» **Stored data**:
▬▬▬

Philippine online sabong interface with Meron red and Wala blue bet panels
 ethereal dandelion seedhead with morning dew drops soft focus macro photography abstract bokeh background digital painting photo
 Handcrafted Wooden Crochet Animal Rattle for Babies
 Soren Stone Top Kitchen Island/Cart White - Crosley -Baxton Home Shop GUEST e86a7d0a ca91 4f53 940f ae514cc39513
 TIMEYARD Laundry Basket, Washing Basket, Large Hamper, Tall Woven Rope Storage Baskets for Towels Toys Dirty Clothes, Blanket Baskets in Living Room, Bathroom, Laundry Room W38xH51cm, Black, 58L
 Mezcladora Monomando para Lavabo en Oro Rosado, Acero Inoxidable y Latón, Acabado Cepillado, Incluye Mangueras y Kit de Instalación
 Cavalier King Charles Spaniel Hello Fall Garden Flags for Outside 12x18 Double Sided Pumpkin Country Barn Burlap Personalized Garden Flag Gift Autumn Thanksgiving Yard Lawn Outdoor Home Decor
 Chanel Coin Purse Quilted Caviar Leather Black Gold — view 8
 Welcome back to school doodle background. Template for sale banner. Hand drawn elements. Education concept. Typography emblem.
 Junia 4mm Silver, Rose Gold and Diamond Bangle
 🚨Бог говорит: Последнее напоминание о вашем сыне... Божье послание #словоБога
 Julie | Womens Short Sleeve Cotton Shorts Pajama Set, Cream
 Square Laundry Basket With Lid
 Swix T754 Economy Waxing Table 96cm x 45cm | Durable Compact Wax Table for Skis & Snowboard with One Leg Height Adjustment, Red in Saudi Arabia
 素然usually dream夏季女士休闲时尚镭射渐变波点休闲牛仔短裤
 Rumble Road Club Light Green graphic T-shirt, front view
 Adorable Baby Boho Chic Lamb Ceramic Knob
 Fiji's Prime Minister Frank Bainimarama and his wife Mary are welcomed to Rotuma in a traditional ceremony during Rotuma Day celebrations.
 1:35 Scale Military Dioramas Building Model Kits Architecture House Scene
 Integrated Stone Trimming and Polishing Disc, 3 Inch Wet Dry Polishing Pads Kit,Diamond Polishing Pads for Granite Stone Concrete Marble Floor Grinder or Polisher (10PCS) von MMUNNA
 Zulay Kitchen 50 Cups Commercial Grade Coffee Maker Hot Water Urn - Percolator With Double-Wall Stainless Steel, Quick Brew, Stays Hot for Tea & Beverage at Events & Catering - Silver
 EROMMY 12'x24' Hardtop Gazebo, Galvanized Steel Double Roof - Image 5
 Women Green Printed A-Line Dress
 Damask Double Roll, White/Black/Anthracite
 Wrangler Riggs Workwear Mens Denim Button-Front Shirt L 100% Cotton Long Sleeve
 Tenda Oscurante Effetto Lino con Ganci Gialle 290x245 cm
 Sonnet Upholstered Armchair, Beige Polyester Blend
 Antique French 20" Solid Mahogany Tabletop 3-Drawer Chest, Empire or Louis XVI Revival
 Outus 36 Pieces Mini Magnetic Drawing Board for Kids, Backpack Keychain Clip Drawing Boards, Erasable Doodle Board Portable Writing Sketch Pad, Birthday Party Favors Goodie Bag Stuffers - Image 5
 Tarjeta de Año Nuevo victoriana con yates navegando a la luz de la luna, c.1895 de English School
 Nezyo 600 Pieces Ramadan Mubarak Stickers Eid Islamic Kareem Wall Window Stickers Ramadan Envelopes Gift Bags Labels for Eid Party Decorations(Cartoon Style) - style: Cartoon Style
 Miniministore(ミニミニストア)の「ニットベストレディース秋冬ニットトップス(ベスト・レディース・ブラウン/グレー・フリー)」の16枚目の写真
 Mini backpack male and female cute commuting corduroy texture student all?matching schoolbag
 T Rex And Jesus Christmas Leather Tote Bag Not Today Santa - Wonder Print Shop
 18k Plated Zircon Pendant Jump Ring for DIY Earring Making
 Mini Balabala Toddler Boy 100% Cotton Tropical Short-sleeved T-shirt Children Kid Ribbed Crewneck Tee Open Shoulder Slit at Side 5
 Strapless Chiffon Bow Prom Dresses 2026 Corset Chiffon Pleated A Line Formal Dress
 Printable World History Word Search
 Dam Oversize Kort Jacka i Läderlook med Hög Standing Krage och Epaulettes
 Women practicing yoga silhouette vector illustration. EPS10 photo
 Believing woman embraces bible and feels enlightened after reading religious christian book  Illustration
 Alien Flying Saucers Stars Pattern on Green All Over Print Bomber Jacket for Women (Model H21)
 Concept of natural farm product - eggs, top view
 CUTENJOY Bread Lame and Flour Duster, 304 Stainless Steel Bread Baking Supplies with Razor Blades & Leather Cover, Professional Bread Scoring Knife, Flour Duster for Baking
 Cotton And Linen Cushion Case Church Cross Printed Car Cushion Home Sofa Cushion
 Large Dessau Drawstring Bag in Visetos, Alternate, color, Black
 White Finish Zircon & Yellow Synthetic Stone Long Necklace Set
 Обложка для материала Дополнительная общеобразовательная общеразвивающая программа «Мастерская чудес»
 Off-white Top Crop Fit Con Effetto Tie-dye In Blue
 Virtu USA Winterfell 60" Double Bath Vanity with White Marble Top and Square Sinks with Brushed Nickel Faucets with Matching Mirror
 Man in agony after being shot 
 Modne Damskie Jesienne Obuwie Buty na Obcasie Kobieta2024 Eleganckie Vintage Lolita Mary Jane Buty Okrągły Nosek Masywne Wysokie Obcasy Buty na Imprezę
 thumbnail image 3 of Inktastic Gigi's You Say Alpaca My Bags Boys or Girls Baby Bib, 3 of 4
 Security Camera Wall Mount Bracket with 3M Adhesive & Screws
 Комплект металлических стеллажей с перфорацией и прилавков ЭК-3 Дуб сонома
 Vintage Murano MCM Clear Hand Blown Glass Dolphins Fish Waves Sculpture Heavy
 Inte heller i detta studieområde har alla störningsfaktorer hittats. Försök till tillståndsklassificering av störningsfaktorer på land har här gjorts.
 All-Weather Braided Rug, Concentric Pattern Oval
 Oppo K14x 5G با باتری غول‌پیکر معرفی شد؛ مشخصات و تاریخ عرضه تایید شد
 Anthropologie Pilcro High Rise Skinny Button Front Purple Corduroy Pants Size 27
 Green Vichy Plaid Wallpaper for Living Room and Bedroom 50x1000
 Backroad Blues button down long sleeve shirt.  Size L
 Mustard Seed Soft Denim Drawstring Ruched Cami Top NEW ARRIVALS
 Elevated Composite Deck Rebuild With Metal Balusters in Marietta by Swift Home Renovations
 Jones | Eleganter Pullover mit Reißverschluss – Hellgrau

▬▬▬

Would you show each line of the listing above that has the string "Basket"?

» **Completed task**:
 TIMEYARD Laundry Basket, Washing Basket, Large Hamper, Tall Woven Rope Storage Baskets for Towels Toys Dirty Clothes, Blanket Baskets in Living Room, Bathroom, Laundry Room W38xH51cm, Black, 58L
 Square Laundry Basket With Lid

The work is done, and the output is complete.